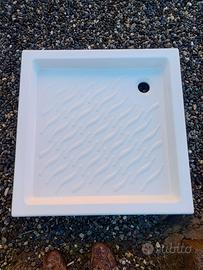 Piatto Doccia Bianco Pozzi Ginori 90 x 90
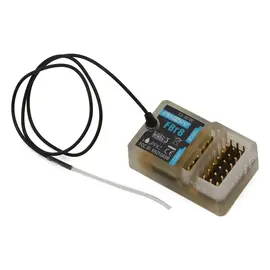 Fly Sky RC FSY-FBR8-L Flysky FBr8 Waterproof 8-Channel Receiver (Long Antenna)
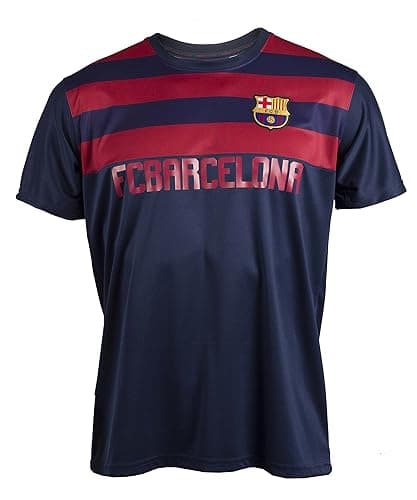 Maillot Barça - Collection officielle FC BARCELONE - Taille adulte homme XXL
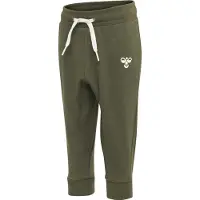 Hummel Hmlapple Pants - Green - 80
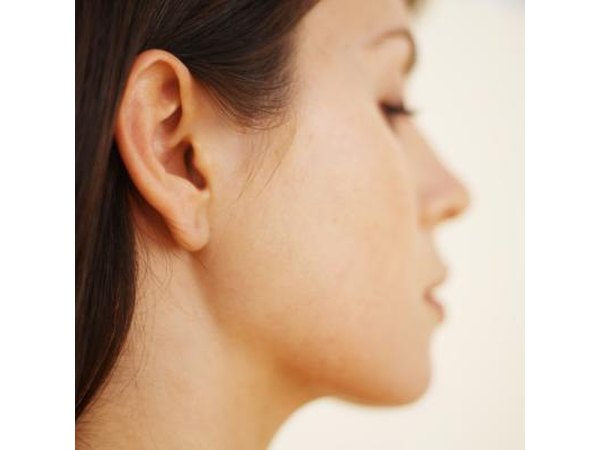 BPPV is believed to be caused by debris that has accumulated in the inner part of the ear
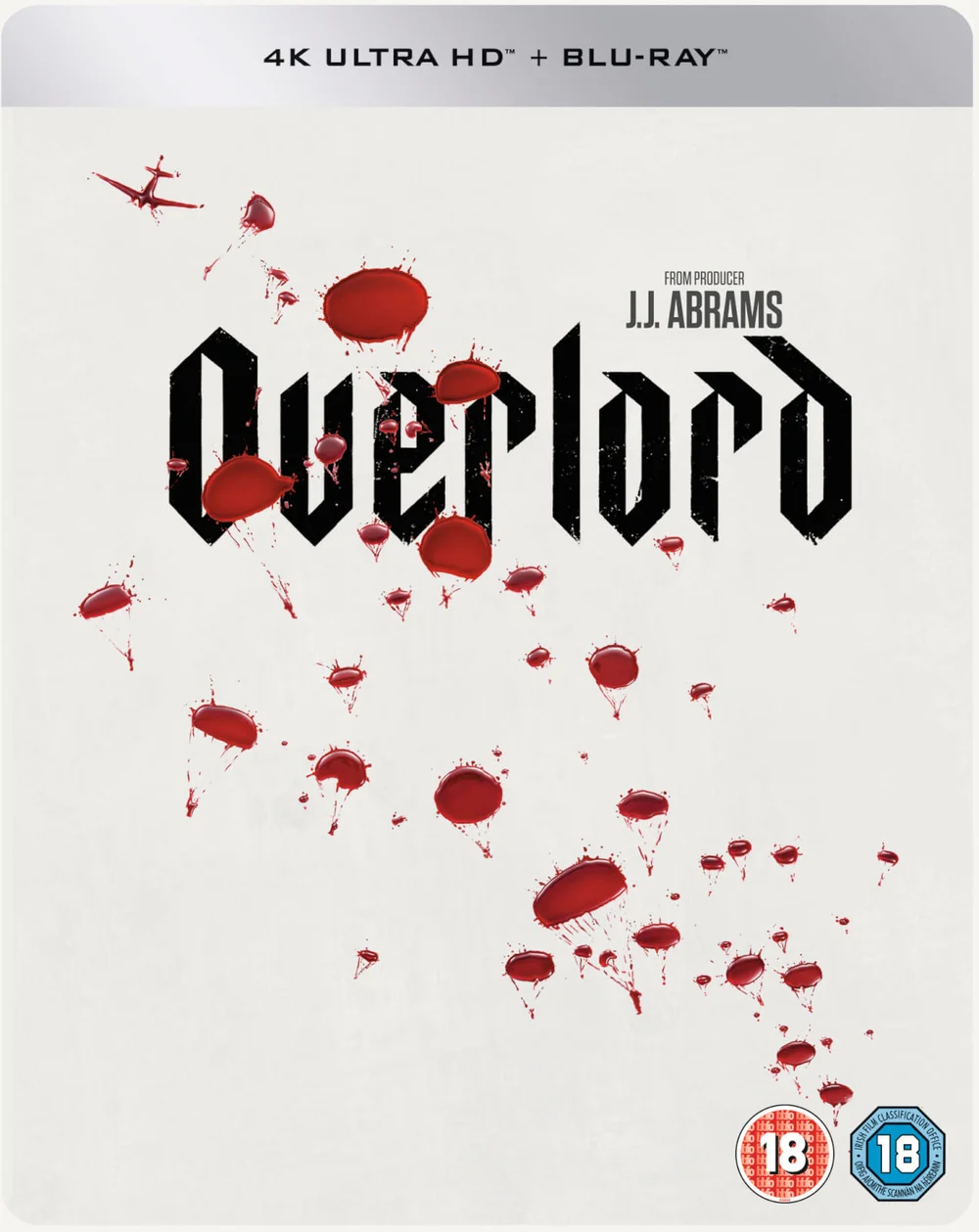 Operation Overlord - 4K Ultra HD Online Exklusives Steelbook (Inkl. Blu-ray) Bild 1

***

TASK OBJECTIVE: Return every entry above exactly as written, minus the pictures.

SOLUTION:
 Piatto Doccia Bianco Pozzi Ginori 90 x 90
 Fly Sky RC FSY-FBR8-L Flysky FBr8 Waterproof 8-Channel Receiver (Long Antenna)
 Maillot Barça - Collection officielle FC BARCELONE - Taille adulte homme XXL
 Hummel Hmlapple Pants - Green - 80
 BPPV is believed to be caused by debris that has accumulated in the inner part of the ear
 Operation Overlord - 4K Ultra HD Online Exklusives Steelbook (Inkl. Blu-ray) Bild 1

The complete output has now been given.